The Multimodal AI Race
The release of Gemini 1.5 highlights that the multimodal AI race is taking place at a higher speed than ever before. For Google, it makes sense to strike while the iron’s hot and follow up on the release of Gemini quickly rather than wait for OpenAI to innovate.
Throughout 2023, Google was rapidly putting together a multimodal AI ecosystem. Back in May 2023, Pichai was already posting about developing a next-generation foundation model called Gemini, which was “created from the ground up to be multimodal.”
Then, in December, the tech giant announced the official launch of Gemini, which is available in three sizes: Ultra, Pro, and Nano. The Pro version of Gemini was initially integrated into Bard before the research assistant was finally rebranded to Gemini in February 2024.
In December, Google also debuted its text-to-image diffusion model Imagen 2, which laid the foundation for the image generation tool ImageFX, which was released in February. It also launched the text-to-music tool MusicFX.
OpenAI’s pursuit of multi-modality has been no less chaotic. After launching GPT-4 in March 2023, the AI lab announced the creation of GPT-4V in September, which gave ChatGPT the ability to analyze image inputs.
Then, in October, the company gave ChatGPT Plus and Enterprise subscribers access to image creation capabilities in ChatGPT with a DALL-E 3 integration.
Just a month later, in November, at the DevDay developer conference in San Francisco, the organization announced its GPT-4 Turbo model, as well as text-to-speech and the ability to create custom GPTs.
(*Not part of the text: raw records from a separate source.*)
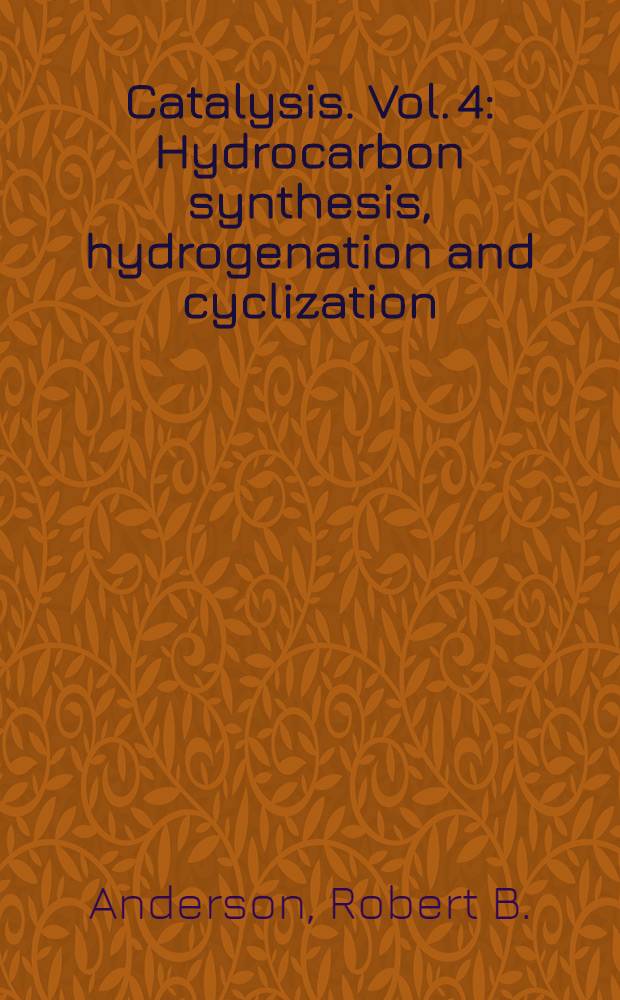 Catalysis. Vol. 4 : Hydrocarbon synthesis, hydrogenation and cyclization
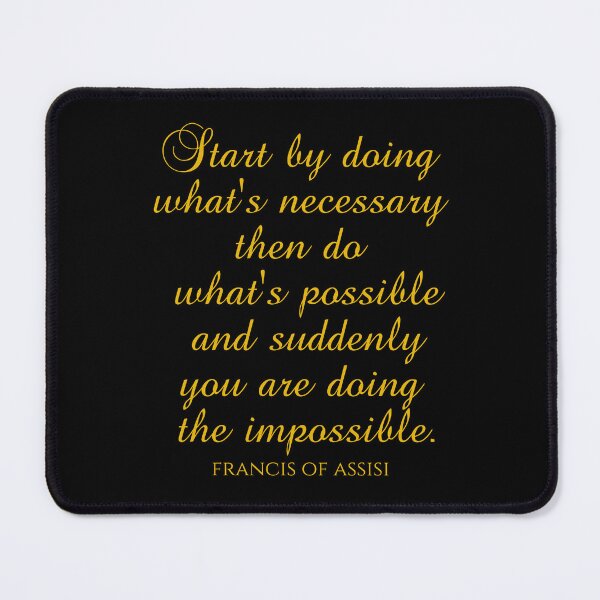 Item preview, Saint Francis of Assisi Sayings - Start By Doing What's Necessary Then Do What's Possible And Suddenly You Are Doing The Impossible designed and sold by PhiloJourney.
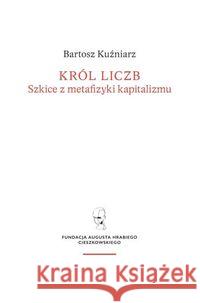 Król liczb Kuźniarz Bartosz 9788365787118 Fundacja Augusta hr. Cieszkowskiego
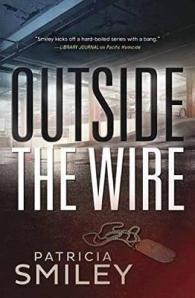 Outside the Wire (Pacific Homicide)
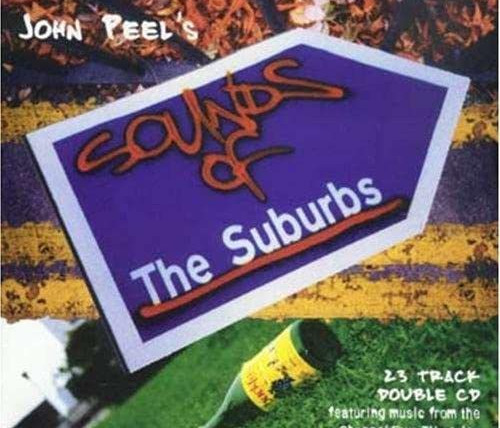Сериал John Peel's Sounds of the Suburbs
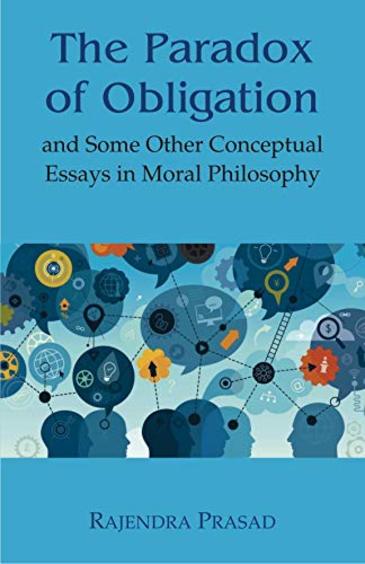 Title: The Paradox of Obligation and Some Other Conceptual Essays in Moral Philosophy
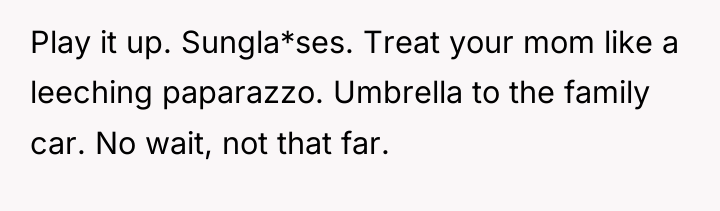 Play it up. Sungla*ses. Treat your mom like a leeching...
In 2024, this was expanded further with the launch of the GPT Store in January and Sora in February.
At this stage, the focus appears to be incrementally incorporating multimodal capabilities into each vendor’s flagship models.
The Bottom Line
Continuous development is the key to staying on top in the multimodal AI market.
While OpenAI is still in the driver’s seat, the launch of Gemini 1.0 and Gemini 1.5 is gradually chipping away at this dominance.
Who will prevail long term will likely come down to who can innovate at this pace consistently — and consumers and businesses finding value in adding the tools to their workflow.